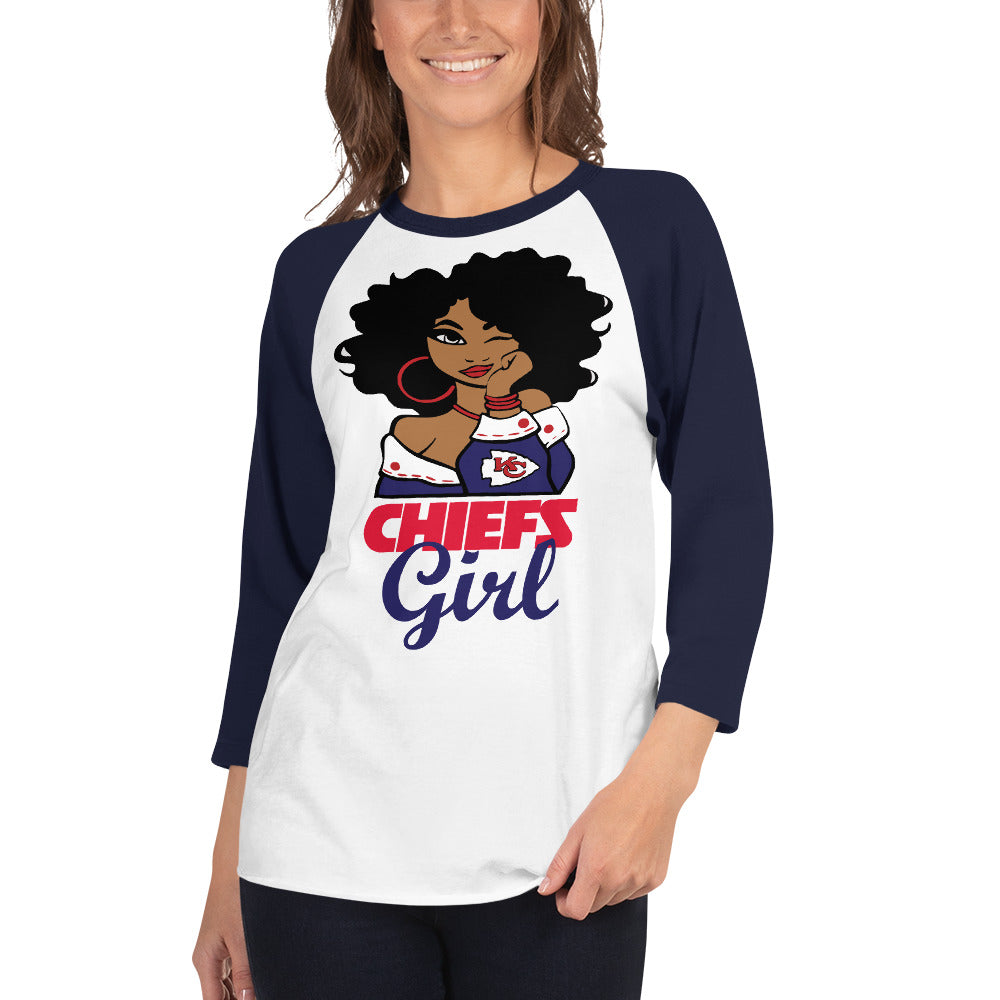 Sports Lovers 3/4 sleeve raglan shirt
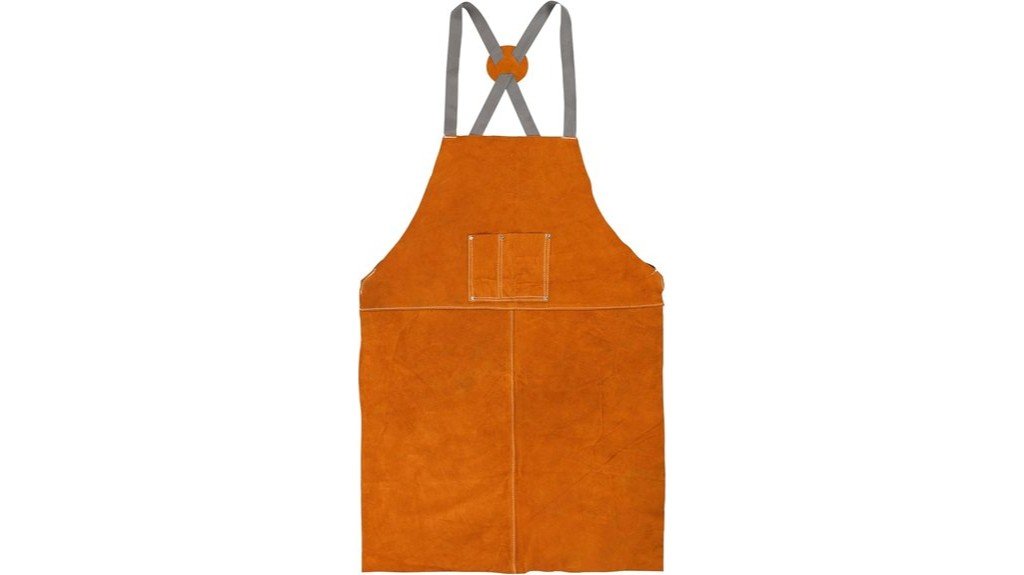 durable and versatile leather apron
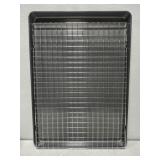 Cookie sheet with cooling rack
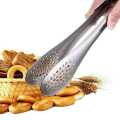 Stainless Steel Food Clip - Silver. 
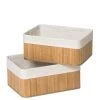 Premier Housewares Set Of Two Kankyo Bamboo Storage Boxes -Home Comprehensive VP8HJ SQ1 0000000088 NO COLOR SLf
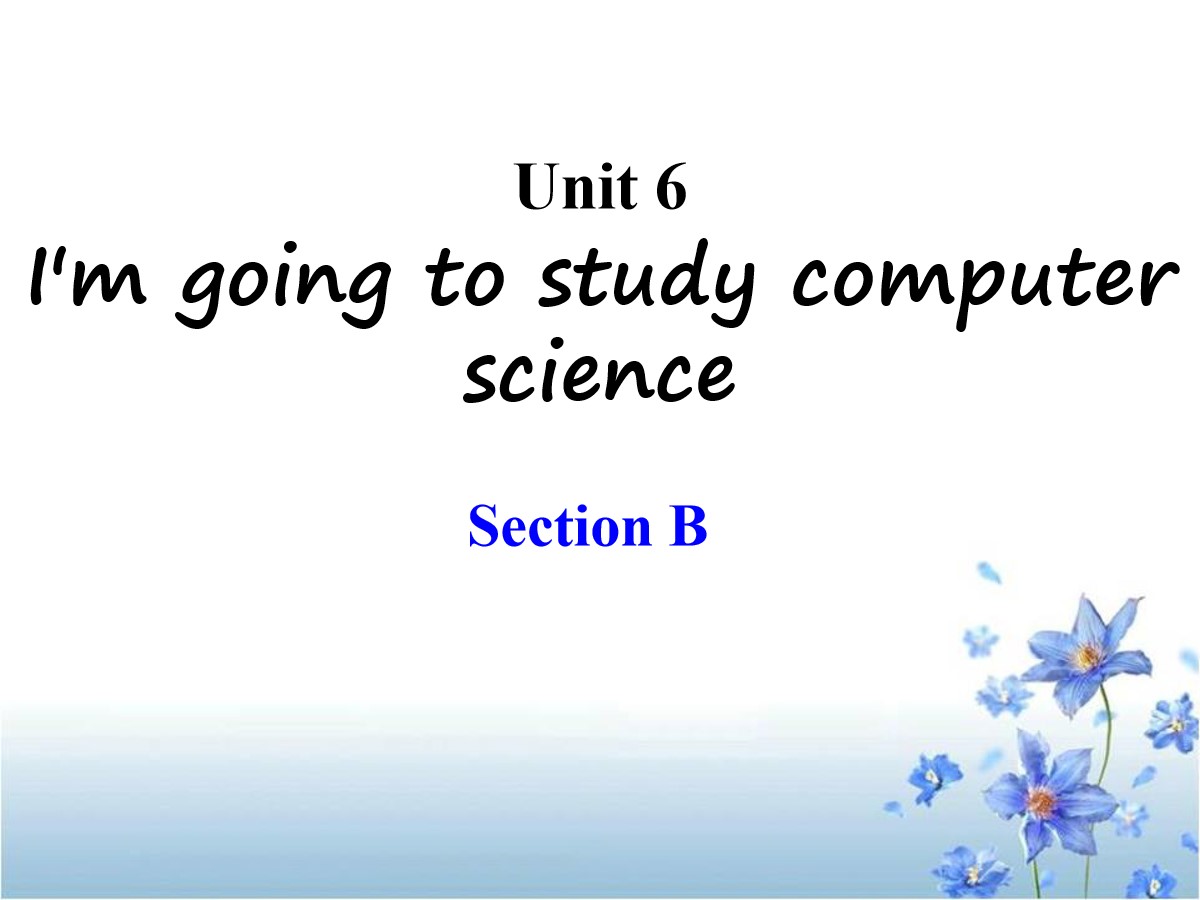 《I'm going to study computer science》PPT课件23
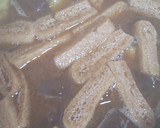 揚げない！油で炒めた揚げ焼き茄子の味噌汁作り方5写真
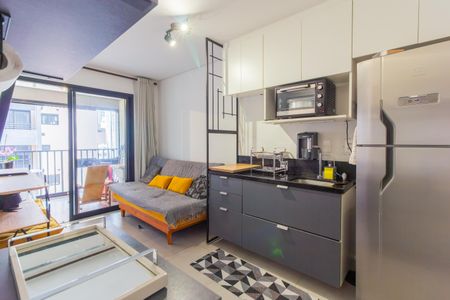 Apartamento à venda com 34m², 1 quarto e sem vaga Apartamento à venda com 34m², 1 quarto e sem vagaSala/Cozinha
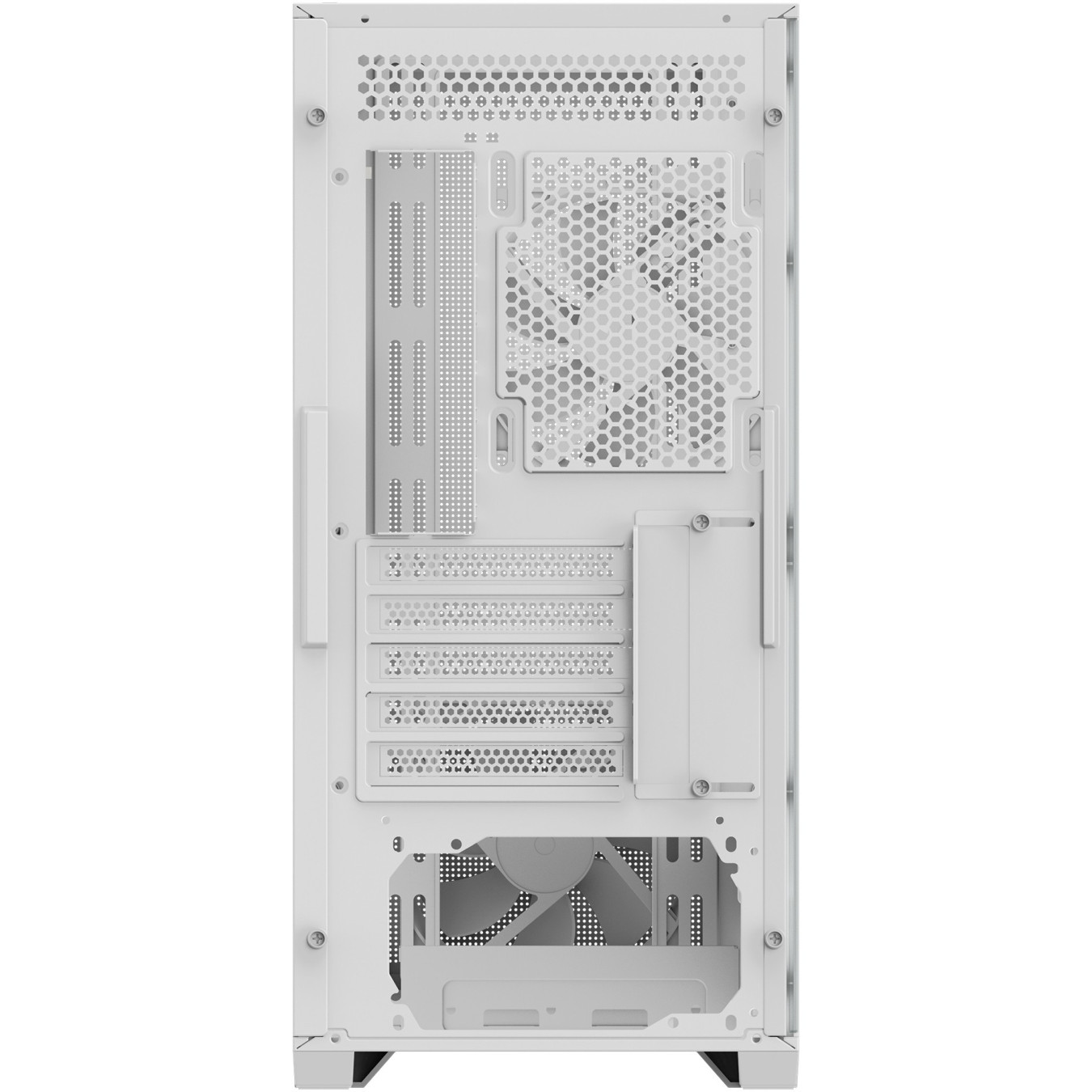 GIGABYTE C102GI Mini-ATX Mid-Tower Case - White, Tempered Glass, 360mm Radiator Support, 410mm GPU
⁂
> [What is required]:
Give back the material above exactly, but without its images.

> [Result]:
 Sports Lovers 3/4 sleeve raglan shirt
 durable and versatile leather apron
 Cookie sheet with cooling rack
 Stainless Steel Food Clip - Silver. 
 Premier Housewares Set Of Two Kankyo Bamboo Storage Boxes -Home Comprehensive VP8HJ SQ1 0000000088 NO COLOR SLf
 《I'm going to study computer science》PPT课件23
 揚げない！油で炒めた揚げ焼き茄子の味噌汁作り方5写真
 Apartamento à venda com 34m², 1 quarto e sem vaga Apartamento à venda com 34m², 1 quarto e sem vagaSala/Cozinha
 GIGABYTE C102GI Mini-ATX Mid-Tower Case - White, Tempered Glass, 360mm Radiator Support, 410mm GPU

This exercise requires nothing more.